Production declines happen because of pressure diffusion, which causes pressures around a well to drop and gas production to decrease. The time at which gas pressure drops below its initial value everywhere in the rock between hydrofractures is called its interference time. “On average, it takes five years for interference to occur, at which point wells produce gas at a far lower rate because the amount of gas coming out over time is proportional to the amount of gas remaining,” the researchers said.
Using two parameters — a well’s interference time and the original gas in place — the researchers were able to determine the universal decline curve and extrapolate total gas production over time.
They found that the scaling theory accurately predicted the behavior of about 2,000 wells in which production had begun to decrease exponentially within the past 10 years. The remaining wells examined were too young for the model to predict when decreases would set in, but the model enabled the researchers to estimate upper and lower production limits for well lifetime and the amount of gas that will be produced by the wells.
“For 2,057 of the horizontal wells in the Barnett Shale, interference is far enough advanced for us to verify that wells behave as predicted by the scaling form,” Patzek said. “The production forecasts will become more accurate as more production data becomes available.”
As a byproduct of their analysis, the researchers found that most horizontal wells for which predictions are possible underperform their theoretical production limits.
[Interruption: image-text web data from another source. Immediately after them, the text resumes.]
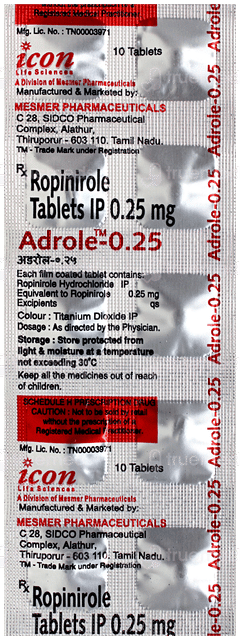 Adrole 0.25 Tablet 10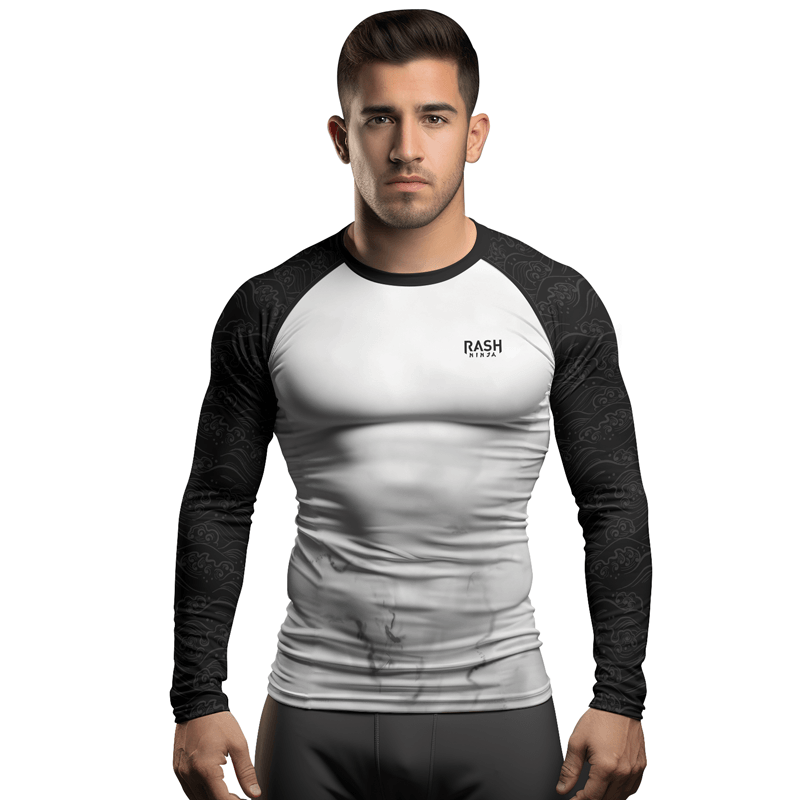 Rashninja Ninja Warfare Men's Long Sleeve Rash Guard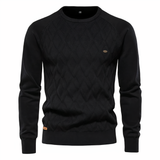 Carmelo - Strickpullover mit Rautenmuster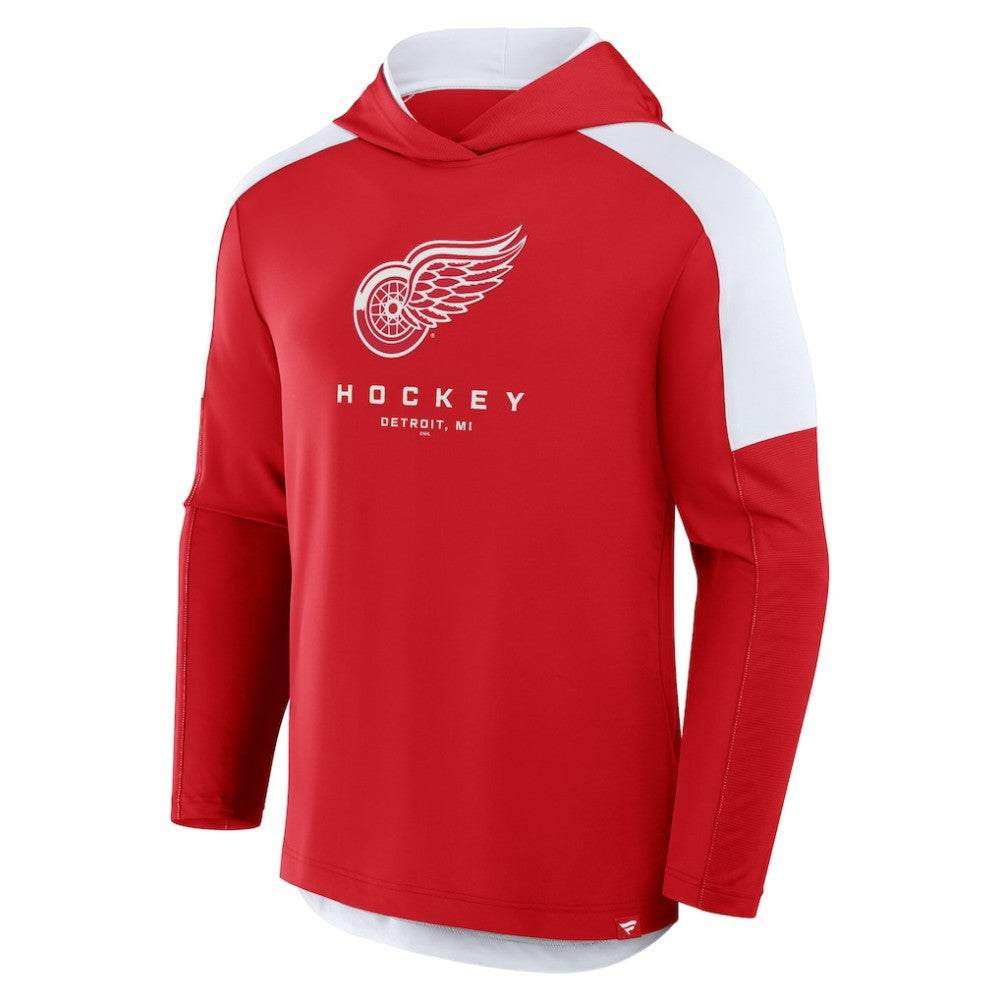 Detroit Red Wings Fanatics Meta Game Transitional Pullover Hoodie - Red | US 201742900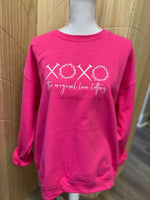 Load image into Gallery viewer, EMBROIDERED: XOXO Original Love Letters on Gildan Heliconia
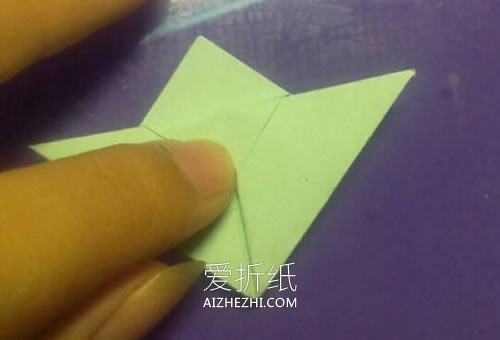 怎么简单折纸五瓣花的折法图解- www.aizhezhi.com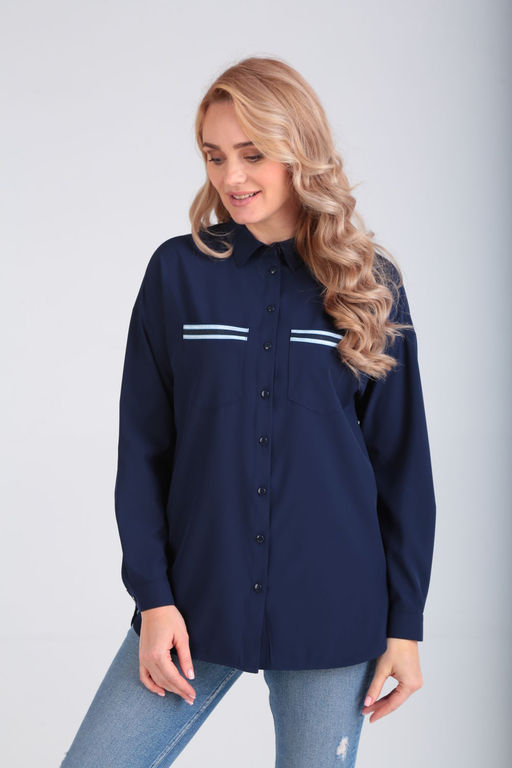 Рубашка Modema 449/5 синий фото 2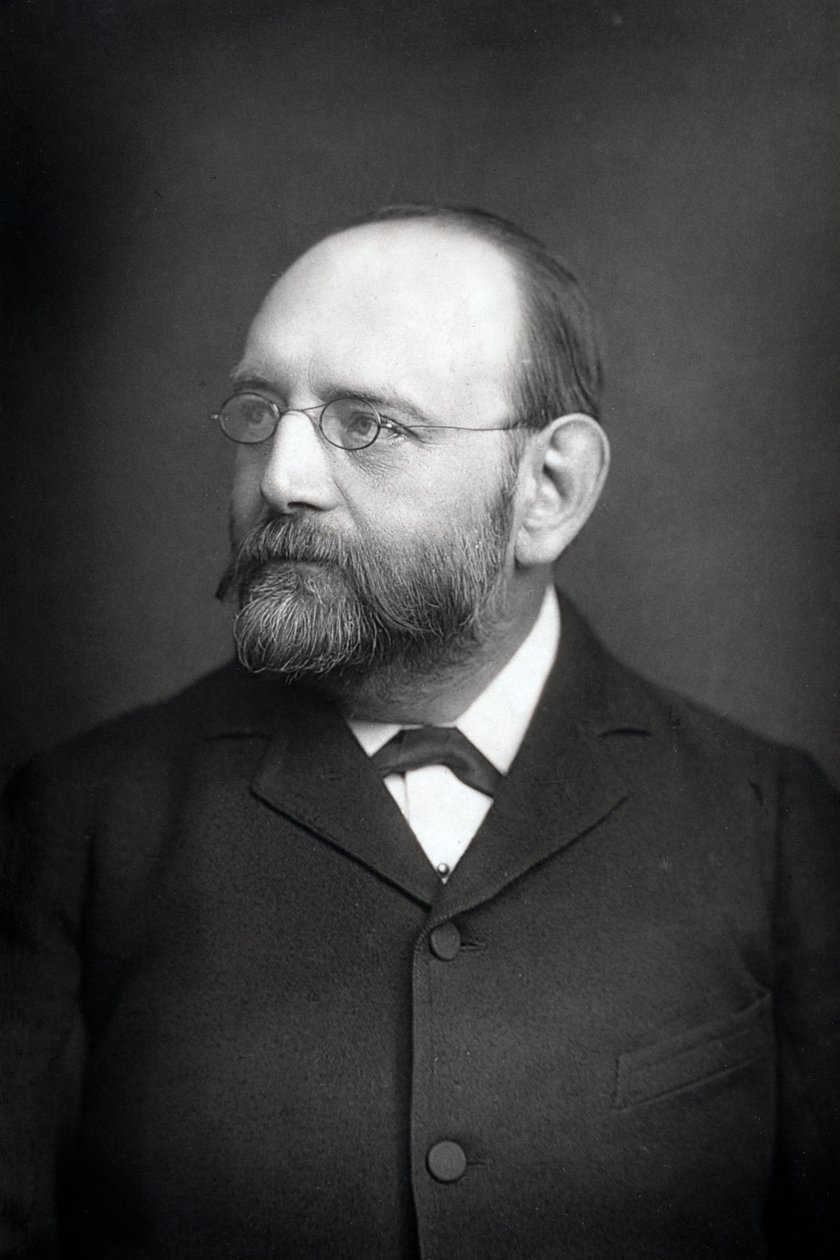 Joseph Barnby , anglický skladatel a dirigent, c1890. od WandD Downey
They reached a tentative conclusion that many wells are on track to produce only about 10% of their potential.
Well production could be greatly improved if hydrofractures connected better to natural fractures in the surrounding rock, they said. The process of hydrofracturing creates a network of cracks, like veins, in rocks that was previously impermeable, allowing gas to move. If there are high porosity and permeability within those connected cracks and hydrofractures, then a well is high producing. By contrast, if the connection with hydrofractures is weak, then a well is low producing.